EXERCISE DESCRIPTION:
Each line of the records that follow must come back exactly, with pictures skipped.

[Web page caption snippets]
----------------
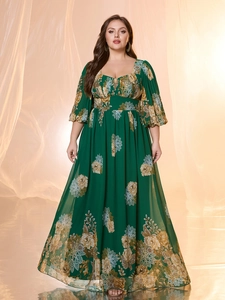 Detailed view of dark green chiffon maxi dress with elegant floral prints and sweetheart neck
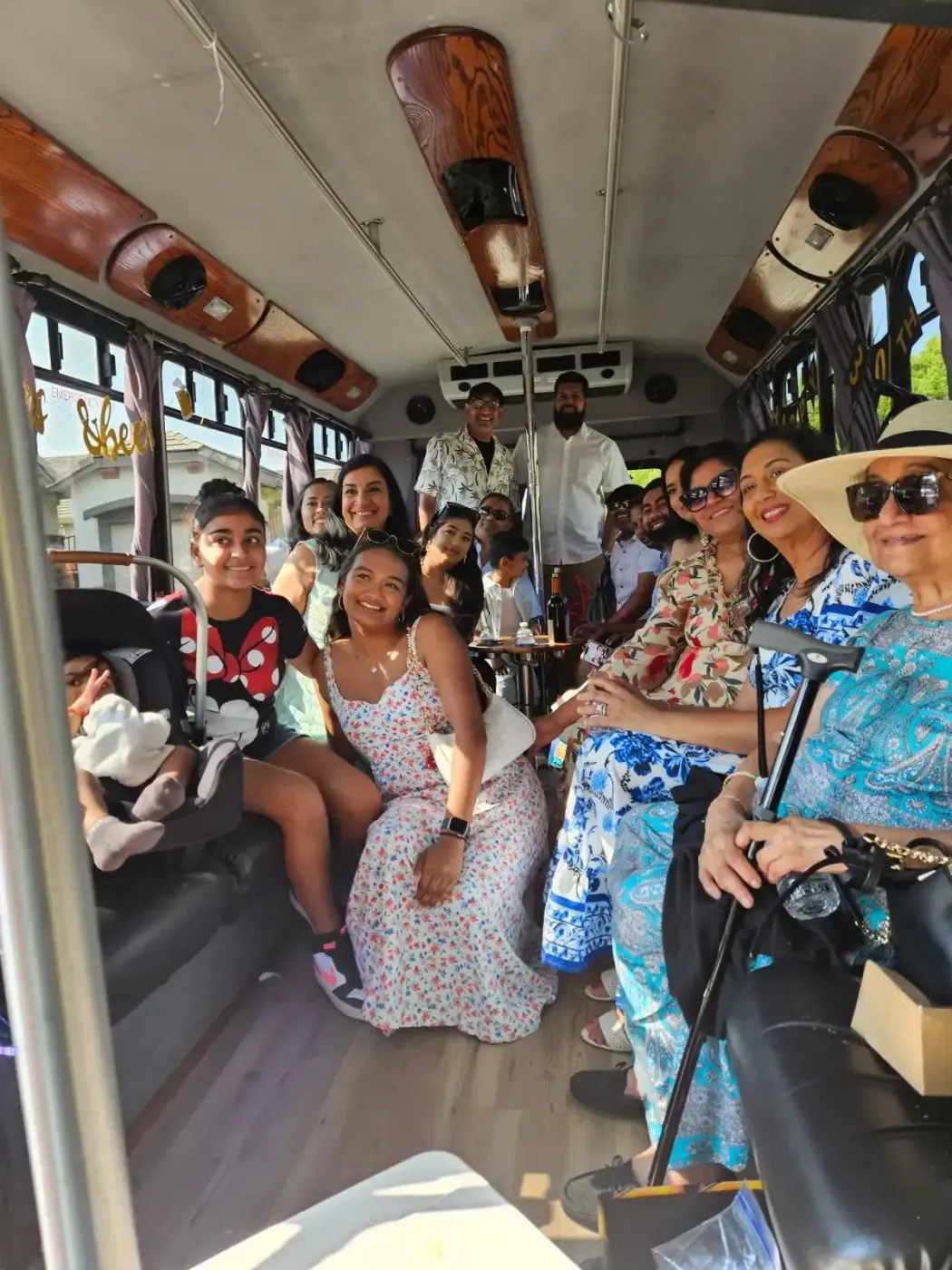 Group of people smiling and sitting inside a decorated shuttle bus with large windows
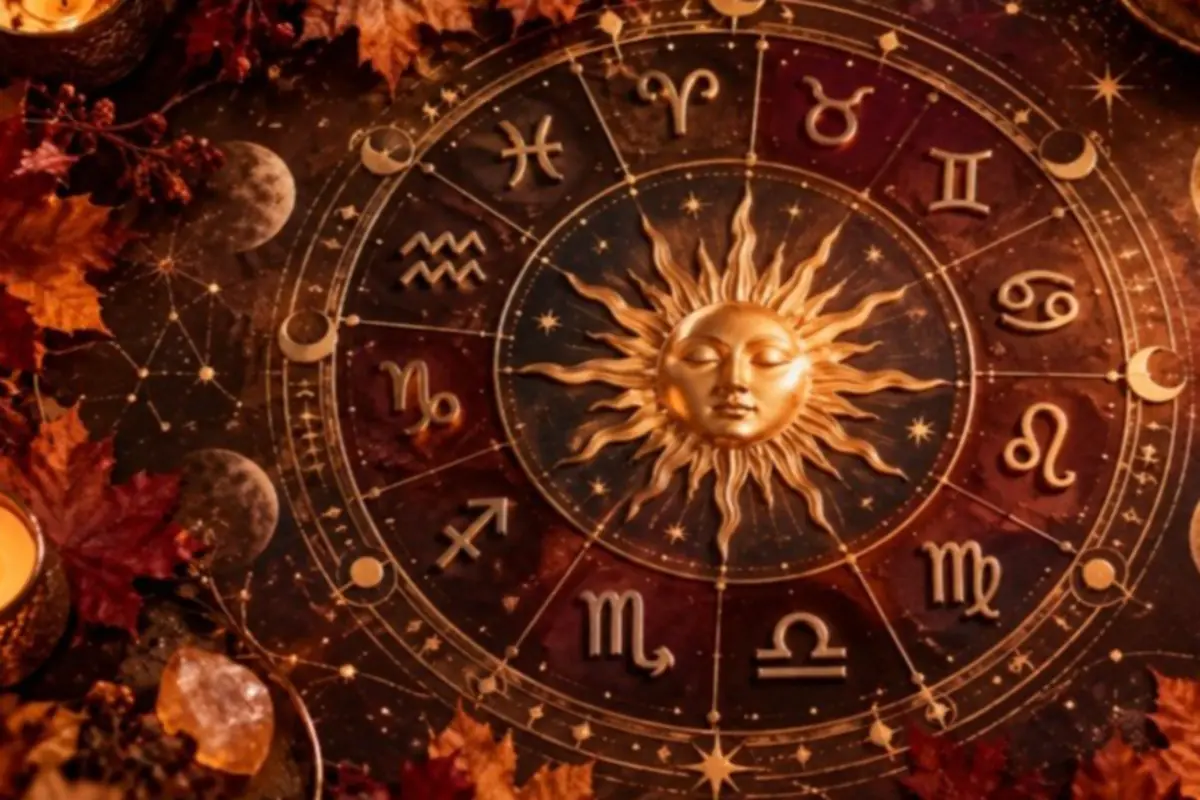 Mystical illustration of a golden zodiac circle with the sun at the center, surrounded by symbols of the twelve signs among autumn leaves and lit candles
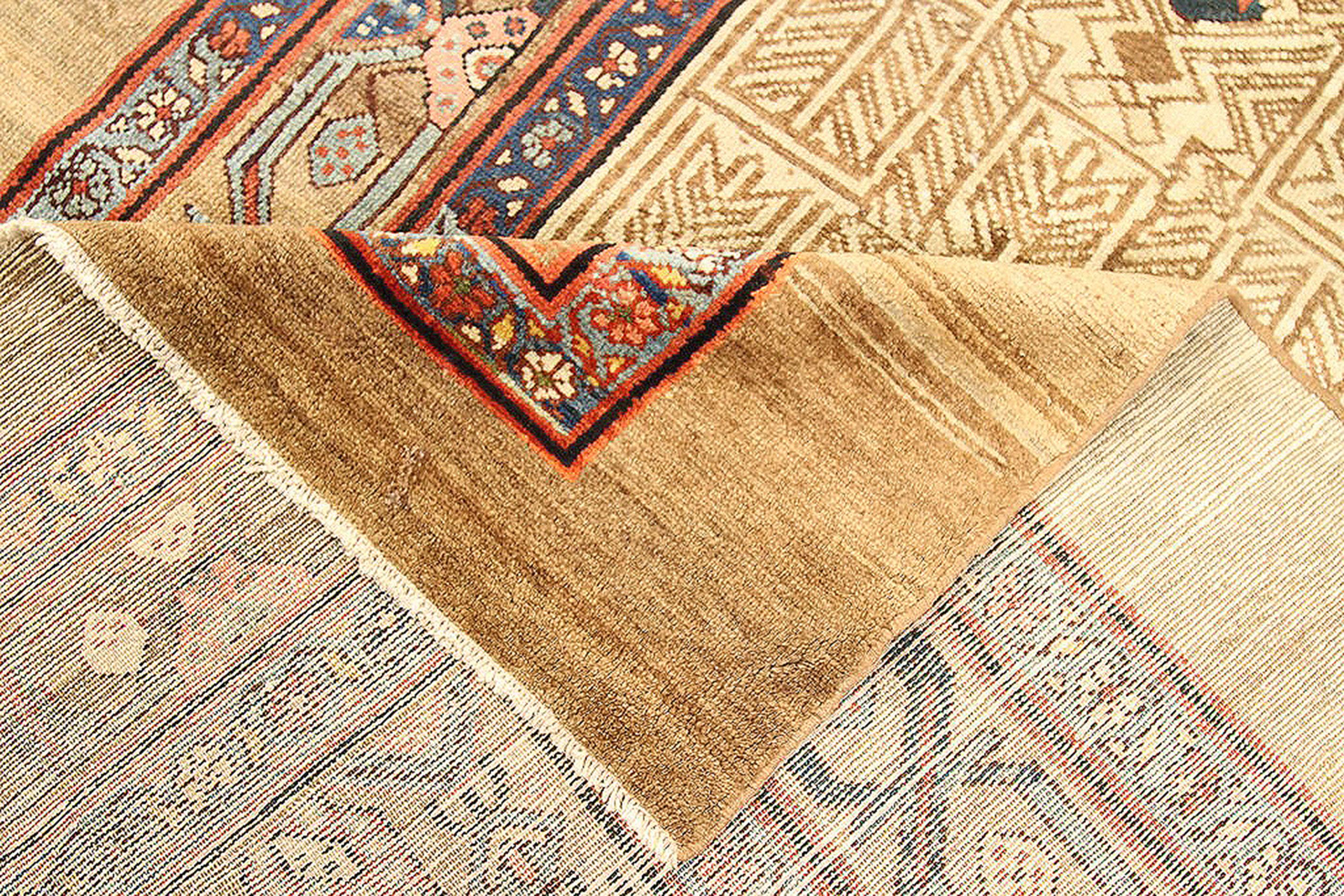 Antique Persian runner rug handwoven from the finest sheep’s wool and colored with all-natural vegetable dyes that are safe for humans and pets. It’s a traditional Sarab design featuring geometric details in beige and brown with blue and red floral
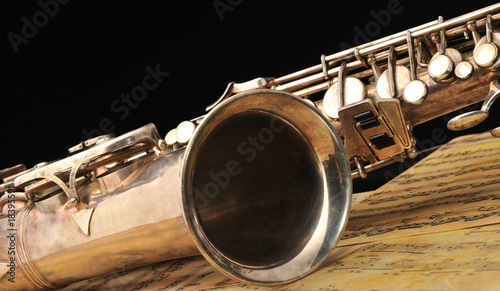 Old saxophone and notes photo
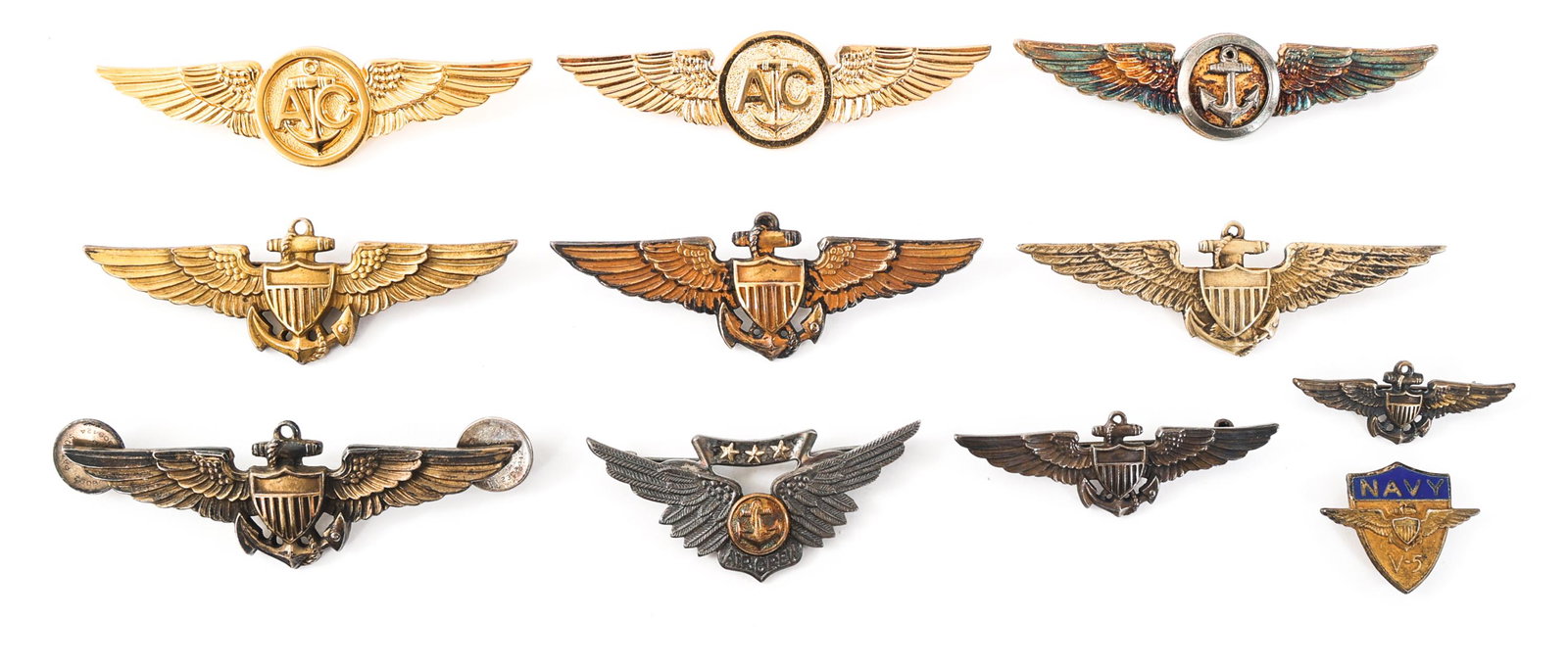 WWII - COLD WAR US NAVY QUALIFICATION WINGS: WWII - COLD WAR US NAVY QUALIFICATION WINGS Lot of 11 WWII - Cold War US Navy Qualification Wings. (2) USN / USMC Air Crew wings, 2 13/16", one NS Meyer pin-back, one V-21-N, 10K GF, clutch-back. (1) 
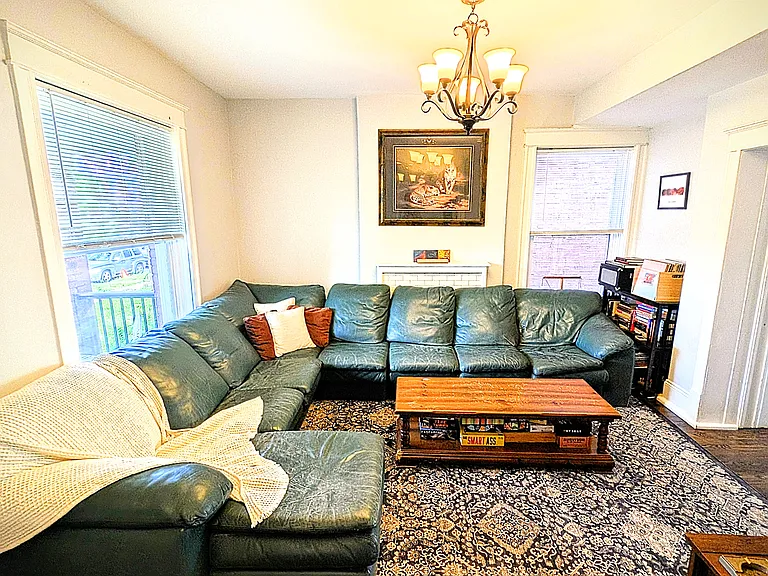 Living room furnished with vintage, sectional sofa.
----------------
RESULT FOR THIS EXERCISE:
 Detailed view of dark green chiffon maxi dress with elegant floral prints and sweetheart neck
 Group of people smiling and sitting inside a decorated shuttle bus with large windows
 Mystical illustration of a golden zodiac circle with the sun at the center, surrounded by symbols of the twelve signs among autumn leaves and lit candles
 Antique Persian runner rug handwoven from the finest sheep’s wool and colored with all-natural vegetable dyes that are safe for humans and pets. It’s a traditional Sarab design featuring geometric details in beige and brown with blue and red floral
 Old saxophone and notes photo
 WWII - COLD WAR US NAVY QUALIFICATION WINGS: WWII - COLD WAR US NAVY QUALIFICATION WINGS Lot of 11 WWII - Cold War US Navy Qualification Wings. (2) USN / USMC Air Crew wings, 2 13/16", one NS Meyer pin-back, one V-21-N, 10K GF, clutch-back. (1) 
 Living room furnished with vintage, sectional sofa.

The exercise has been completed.